Tyler Perry plans to tell us about black women’s experiences
Yes, that Tyler Perry — the man who made $125 million last year by bringing us movies like Madea Goes to Jail, the latest in his popular franchise of wacky-grandma movies he has written, produced, and starred in.
Because there’s nothing funnier than movies starring a black man in a dress — especially to all the talented black actresses who can’t get good roles if their names aren’t Halle Berry, Queen Latifah, Jennifer Hudson, or Beyoncé.
Perry as Madea in Madea Goes to Jail
To be fair, Perry has also made Why Did I Get Married? (2007), which was pretty good (and more importantly, introduced me to Jill Scott‘s acting talent). And he’s a co-executive producer for Precious: based on the novel Push by Sapphire (2009), which is a serious, lesbian-inclusive look at poverty and abuse (although it’s worth pointing out that Perry didn’t actually write or direct this film).
But For Colored Girls is the exact opposite of the parade of stereotypes that was Diary of a Mad Black Woman (2005), and Daddy’s Little Girls (2007), which revolved around the stereotype of the lonely career woman (played by Gabrielle Union). Not to mention the Madea movies.
For Colored Girls — a series of searing poems telling stories of love, abandonment, domestic abuse and other issues faced by black women — dismantles exactly the kind of stereotypes Perry has spent his career promoting.

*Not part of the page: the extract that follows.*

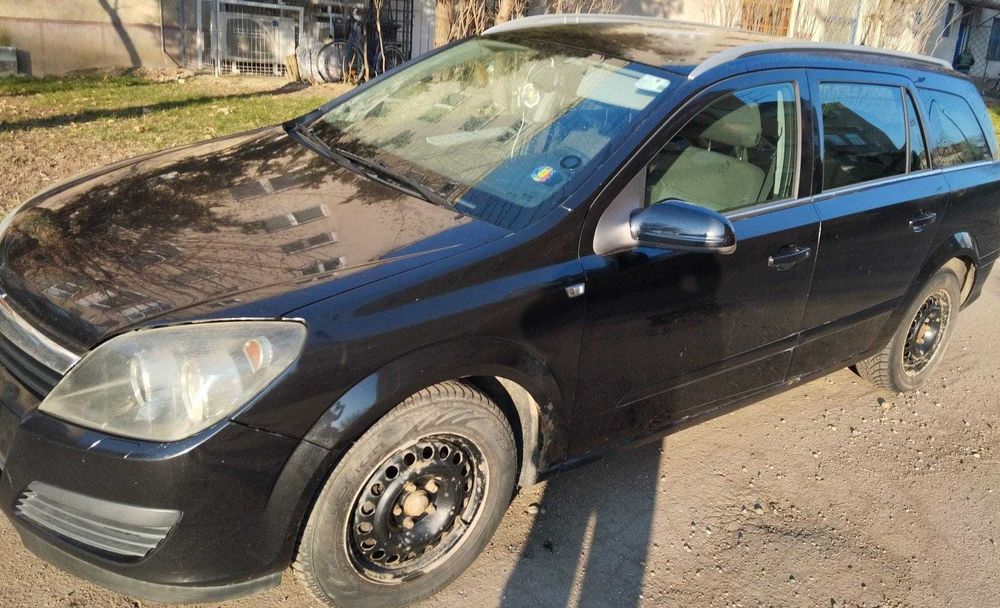 Vând Opel Astra h 1.3 cdti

In a recent article about “Tyler Perry’s Gender Problem”, The Nation‘s Courtney Young wrote:
Perry, Young goes on to write, uses a traditional religious paradigm as the linchpin for his work, which relies on traditional ideas of gender and reinforces rather than revolutionizes the marginalized way that black womanhood has been portrayed in popular culture.
In other words: the female characters Perry writes tend towards caricature rather than complexity. And For Colored Girls is nothing if not complex.
Jezebel’s Latoya Peterson had a similar reaction to the news, asking “Is Tyler Perry the Right Man to Tell Black Women’s Stories?”
Do I think it’s impossible for Perry to make a decent adaptation of this play? No. But let’s assume for a moment that he can — it’s still hard to argue that a talented black female filmmaker wouldn’t bring more to the table for this particular project. Why not let an actual black woman write and direct this movie?
The answer, of course, is money. Perry is a bankable asset, a name with a large following. There are a lot of talented black female filmmakers out there — women like Gina Prince-Bythewood (The Secret Life of Bees, Love and Basketball), Angela Robinson (Hung, The L Word), and Tina Mabry (Mississippi Damned), to name a few — who could make this film, and probably do a better job of it than Perry. But Lionsgate would rather go the financially safer route, even if it means the movie isn’t quite as good as it could be, which is pretty much what the studios always do, regardless of the current state of the economy.
But if studios won’t even hire black women to make a movie about the experiences of black women, what will they hire them for?
Not much, apparently. There have only been a handful of major feature films written and directed by black women. According to sistersincinema.com, the first was Darnell Martin‘s I Like it Like That in 1994, followed by Robinson’s Herbie Fully Loaded in 2005 and Sanaa Hamri’s Something New in 2006, and Prince-Bythewood’s The Secret Life of Bees, Martin’s Cadillac Records in 2008, and Hamri’s The Sisterhood of the Traveling Pants 2 in 2008.
L to R: Filmmakers Darnell Martin, Gina Prince-Bythewood, and Angelina Robinson
That means only six of the thousands of studio films made in America over the last 50 years have been written and/or directed by black women. Make it eight, in case I’ve missed a movie or two.
While black female filmmakers are making inroads, the fact that you can still count the number of major studio films written and/or directed by black women (and women in general, but that’s a post for another day) on one or maybe two hands is disheartening, to say the least.
How will black female filmmakers ever become bankable assets themselves, if they’re routinely overlooked in favor of men?
In a recent interview, Mabry told us that seeing films like Prince-Bythewood’s Love and Basketball “made me believe that a woman could be a powerful filmmaker if given the correct training.” Hiring Perry to write, direct and produce For Colored Girls sends the opposite message.
Although maybe we should just be glad he’s not starring in it, too.